‘A cultura não tem estatísticas’, aponta superintendente estadual

Em conversa com a Tribuna, Célia Corsino, Superintendente de Equipamentos Culturais do Estado, convidada para debate promovido pela Funalfa na última quarta (13), destaca os desafios das políticas públicas em cultura no país, em Minas e em Juiz de Fora


Por Mauro Morais

17/11/2019 às 07h00- Atualizada 18/11/2019 às 10h09

Tribuna – Como a senhora percebe a parceria público-privada em relação à cultura?
Célia Corsino – Tenho certeza de que hoje em dia sempre temos que ter parcerias público-privadas. Não conseguimos, nós, Governo, fazer nada sozinhos. Só que essas parcerias ficaram sendo um mote da desregulamentação e despreocupação do setor público para com os equipamentos culturais. Se formos ver essas parcerias, percebemos que o estado não deixou de aportar recursos, o que fez foi dar o básico e dizer que para o “plus” é preciso ir ao mercado buscar. Isso, de alguma forma, sempre foi feito. Na área de museus, da qual falo com mais propriedade, foi feito através das associações de amigos dos museus, com o governo mantendo e uma associação trazendo aporte de novos projetos que ajudam a caminhar. A partir dessa experiência, temos um modelo no qual se tem uma planilha de custo, faz-se uma licitação e transfere-se para o ente privado a manutenção e a gestão daquele serviço cultural. Isso é bom? É, mas o gestor público precisa entender que quando faz isso não se desobriga com aquele equipamento.
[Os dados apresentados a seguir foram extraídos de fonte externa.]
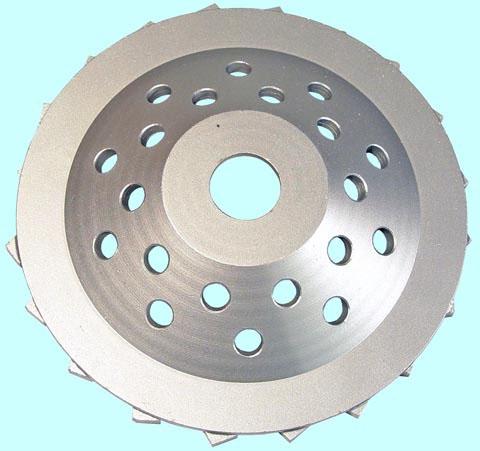 Круг алмазный Чашечный для прямых и углошлифовальных машин сегментый Турбо 150х22мм (TC1521)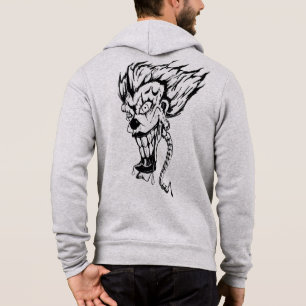 T-shirts Bella de mau masculino+Cheio de Canvas-Zip Hoodie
São pouquíssimos os recursos que se consegue fora. Pegando o exemplo do que aconteceu com a Biblioteca Pública do Rio de Janeiro: ela funcionava das 7h às 22h, em três turnos, e, à medida em que o Governo estadual não passou mais os recursos, a empresa que ganhou a licitação não teve caixa para manter meses sem repasses e foi cortando os serviços a ponto de quase fechar a biblioteca. Deve haver um equilíbrio. Precisamos entender que temos ativos importantes.

A cultura ainda deve depender do Poder Público?
Acho que a gente não tem disponibilidade de recursos para manter fora do governo. Vou pegar outro museu do Rio de Janeiro: o Museu do Pontal, que é particular. É muito difícil ele sobreviver sem o aporte de algum recurso público, seja por meio de editais, seja por meio de financiamentos. Ele não é um museu público, é privado, mas faz um serviço público. Temos que despertar para saber o valor desses ativos que temos na área da cultura. Temos que potencializar, porque tem muita coisa subutilizada, espaços que podem ser usados com mais frequência e mais eficácia.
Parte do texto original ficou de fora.